D.Lgs 231 e Codice della Crisi di Impresa (CCII): interazione tra i sistemi
Il Legislatore non ha introdotto legami formali tra le due discipline: gli adeguati assetti del CCII, da una parte, e i modelli “idonei” di cui al Dlgs 231/2001, dall’altra, sembrano argomenti separati.
Tuttavia, ad un attento esame, le due normative presentano caratteristiche comuni ed offrono suggerimenti di una possibile interazione tra i meccanismi e gli attori in esse individuati. In particolare, il sistema 231 e gli adeguati assetti ex articolo 2086 cc possono essere di reciproco supporto, soprattutto in un’ottica di compliance integrata.
Caratteristiche comuni
Il Codice e il Dlgs 231/2001 manifestano alcune caratteristiche comuni nella loro impostazione, tra le quali:
- Finalità preventiva. In entrambe le normative, il legislatore ha inteso responsabilizzare l’imprenditore, che deve organizzarsi per essere in grado di prevenire la crisi, per il CCII, o i rischi di reato, per il Dlgs 231/2001.
- Adeguatezza, idoneità. Sia gli assetti dell’articolo 2086 cc sia i modelli ex Dlgs 231/2001, per essere “adeguati” o “idonei”, devono essere parametrati alle condizioni e alle particolarità della singola impresa. L’imprenditore ha poi l’obbligo di spiegare e giustificare le scelte e le valutazioni svolte, dimostrandone la conformità.

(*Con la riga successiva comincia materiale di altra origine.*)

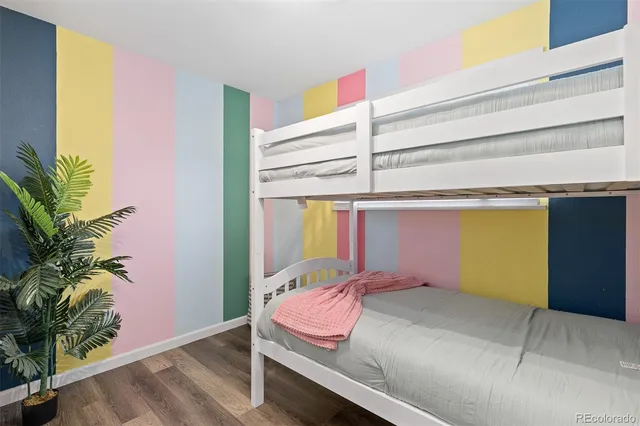 a bedroom with a bed and a potted plant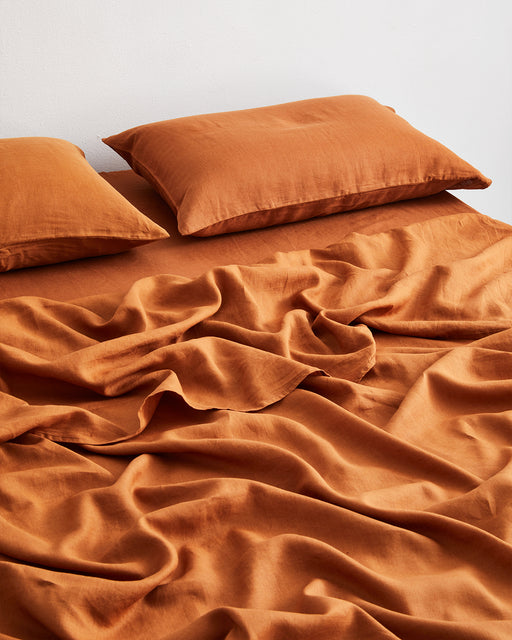 Two orange pillows and a Bed Threads Rust 100% French Flax Linen Flat Sheet, featuring a naturally wrinkled texture, are displayed on a bed against a plain white wall.
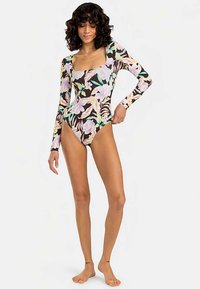 Garām piedurknēm darināts peldkostīms ar melnu fonu un lieliem ziedu rakstiem lavandas un zaļā krāsā, izgatavots no gludas, elastīgas auduma.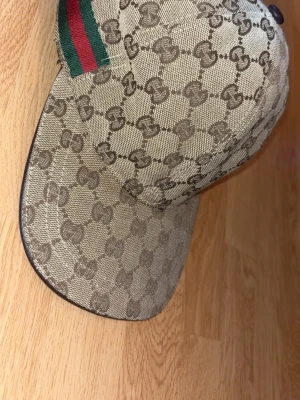 Beige Gucci keps (box finns) - Snygg beige keps från Gucci med klassiskt GG-monogram över hela kepsen och en grön-röd rand på sidan. Kepsen är tillverkad i canvasmaterial och har svart insida med etikett. Knappt använd så mycket bra skick!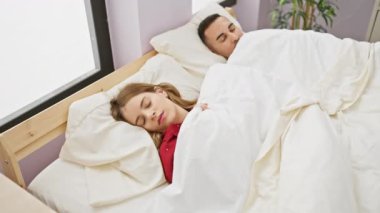 Bir kadın ve bir erkek rahat bir yatak odasında, aşk, dinlenme ve ilişki yakınlığı temaları öneriyor..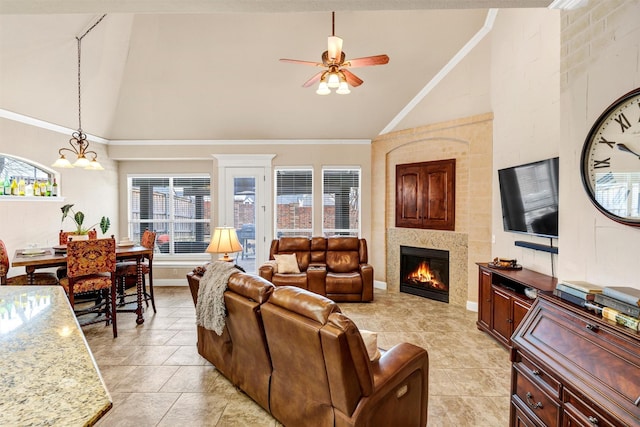 tiled living room with crown molding, a large fireplace, high vaulted ceiling, and ceiling fan with notable chandelier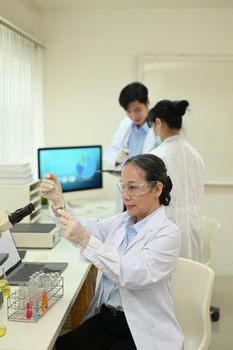 Professional scientists wearing white coats conducting experiment in research laboratory. Scientific research and technology concept.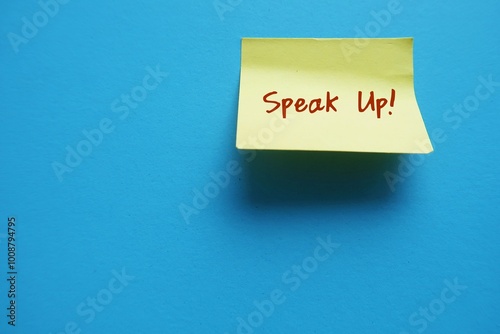 Yellow note stick on copy space blue background with text written SPEAK UP !, to raise voice louder - dare to express opinion frankly and openly , stand up for yourself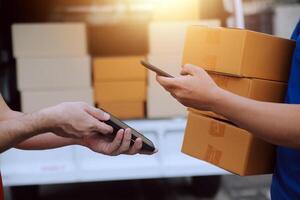 Asian delivery express courier young man use giving boxes to woman customer he wearing protective face mask at front home photo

- Riferimento al Sistema di gestione dei rischi. L’elaborazione di “adeguati assetti organizzativi” richiama in sostanza un paradigma già presente nel nostro ordinamento, quel «Sistema di gestione dei rischi» sopra citato in riferimento al Modello 231.
Supporto reciproco
L’ultima caratteristica sopra elencata permette di evidenziare poi un secondo aspetto: gli adeguati assetti del CCII e i modelli ex Dlgs 231/2001 possono fornire supporto reciproco sia per la prevenzione dei reati sia per assicurare l’emersione tempestiva della crisi dell’impresa.

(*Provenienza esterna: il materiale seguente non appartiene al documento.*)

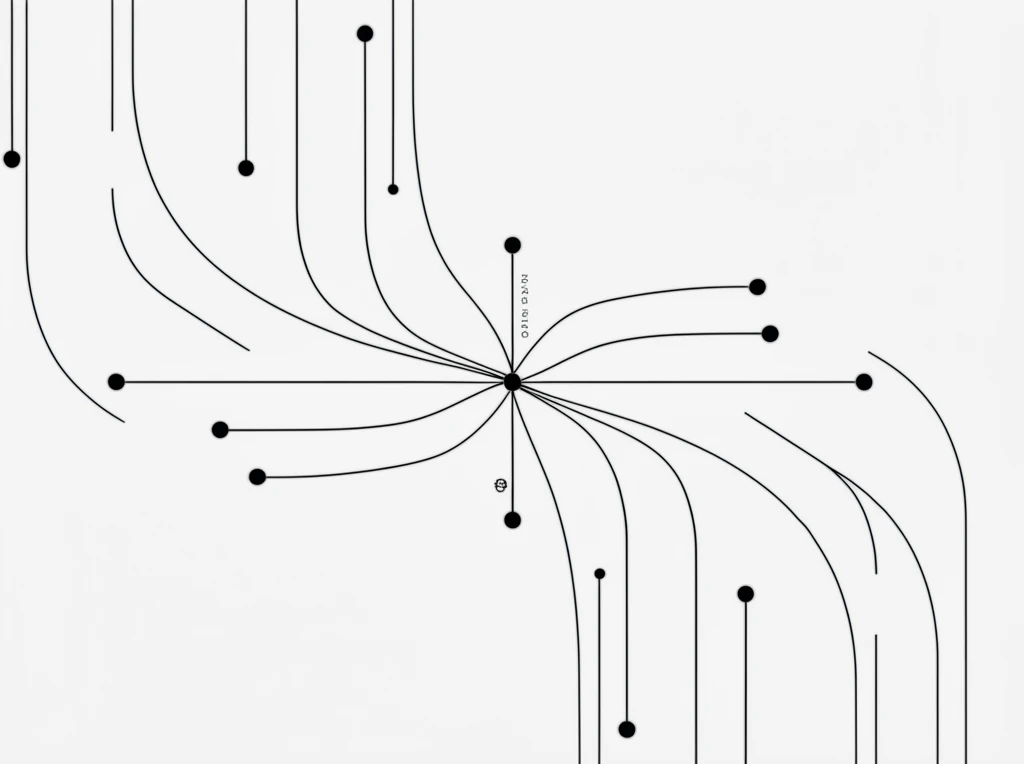 A creative workspace with a laptop, notebook, and coffee cup on a wooden desk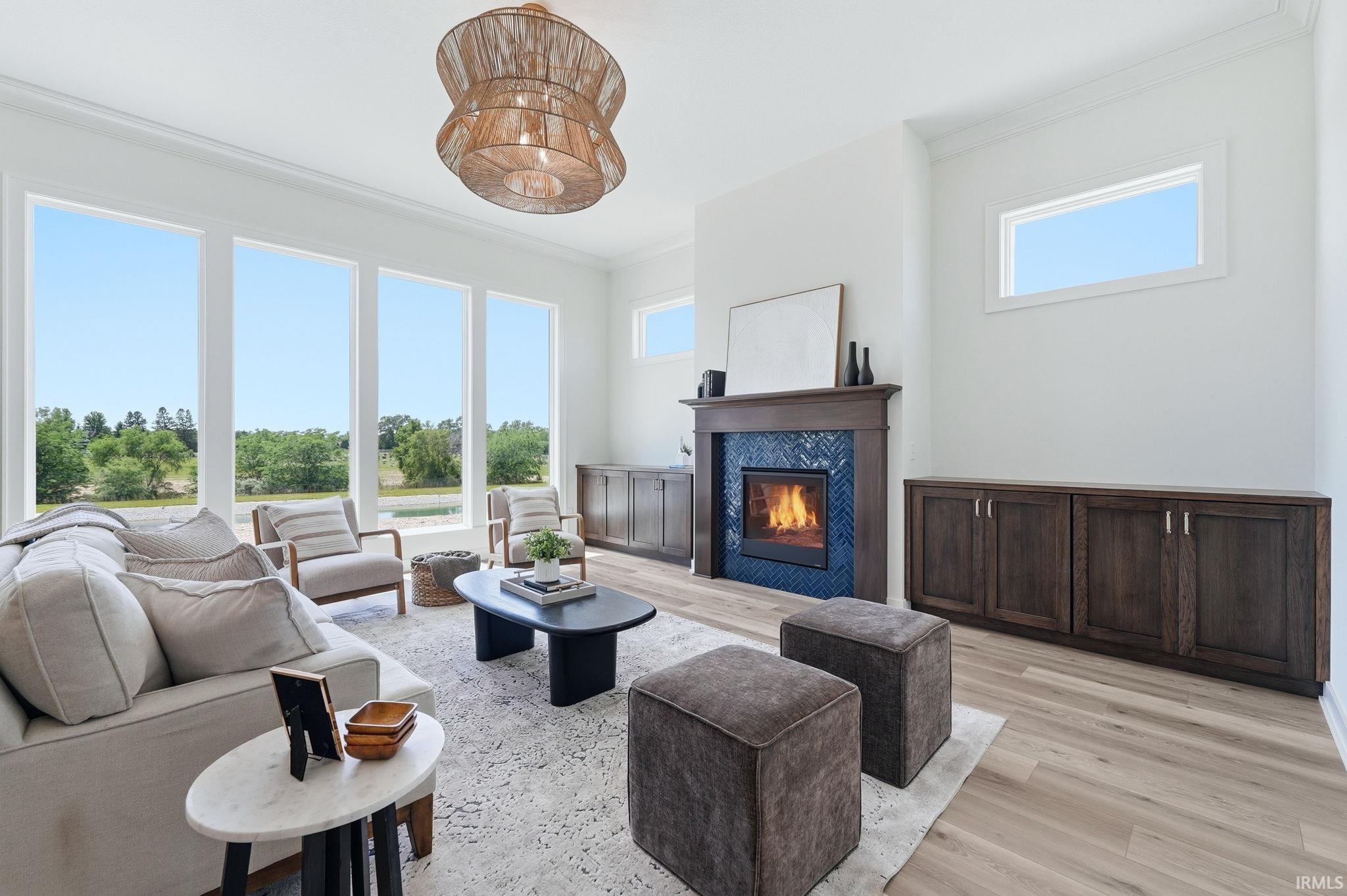 Living area featuring a fireplace with a wood mantel and blue tile surround, built-in wood cabinetry, wood-finish flooring, and multiple large windows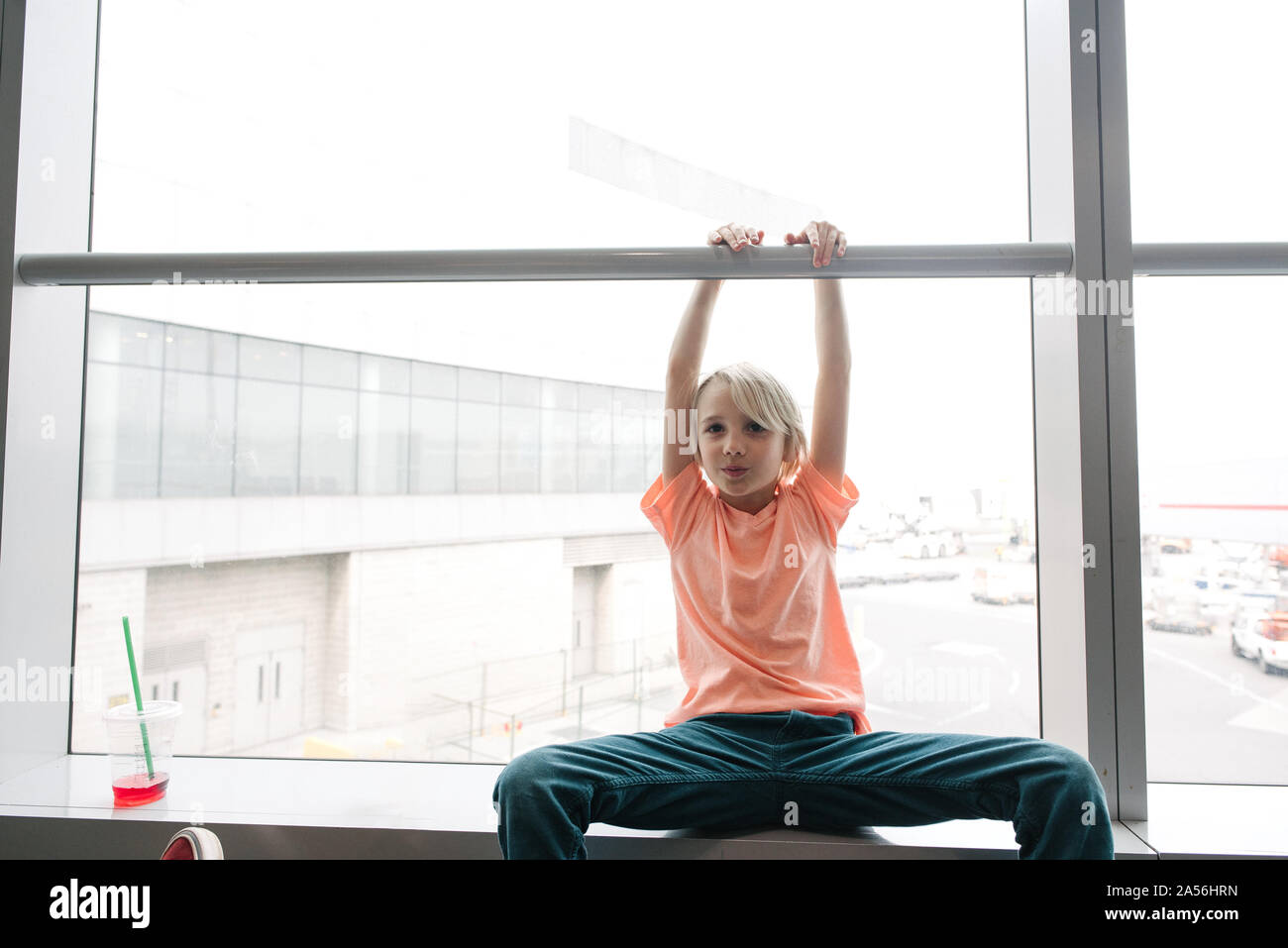 Boy holding handrail in airport window seat, three quarter length portrait Stock Photo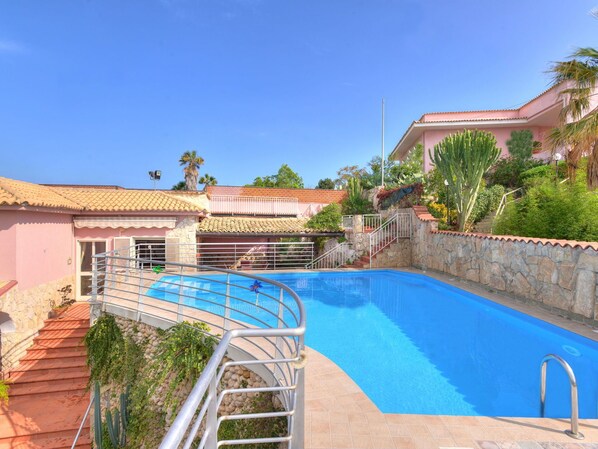 A swimming pool with a metal railing, surrounded by a stone wall and a pink building with a tiled roof.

Da una parte, infatti, la commissione di alcuni reati (o tentativi di reato) possono portare ad una crisi. Dall’altra, situazioni di difficoltà dell’impresa possono determinare il compimento di reati. L’esperienza dimostra spesso che più incisiva è la sensazione di difficoltà per l’impresa, maggiore è il rischio di commissione di reati.
In queste circostanze il Modello 231 può rivelarsi uno strumento utile per la rilevazione tempestiva della crisi dell’impresa.

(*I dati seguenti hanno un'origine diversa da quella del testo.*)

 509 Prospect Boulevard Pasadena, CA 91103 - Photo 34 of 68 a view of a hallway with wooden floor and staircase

Pensiamo alla situazione in cui l’azienda stia soffrendo un temporaneo calo di fatturato e la soluzione ipotizzata sia quella di “sostenere” il bilancio attraverso una serie di fatturazioni reciproche verso società controllate, collegate o correlate. In tal caso ci si troverebbe di fronte ad una situazione che origina dalla crisi di impresa e che sfocia in un reato presupposto, ovvero la “falsa fatturazione attiva” incluso nel Dlgs 231/2001 tra i reati tributari e punito severamente, incluse misure cautelari e la confisca di beni aziendali per ammontare equivalente all’ipotetico profitto derivante dal reato.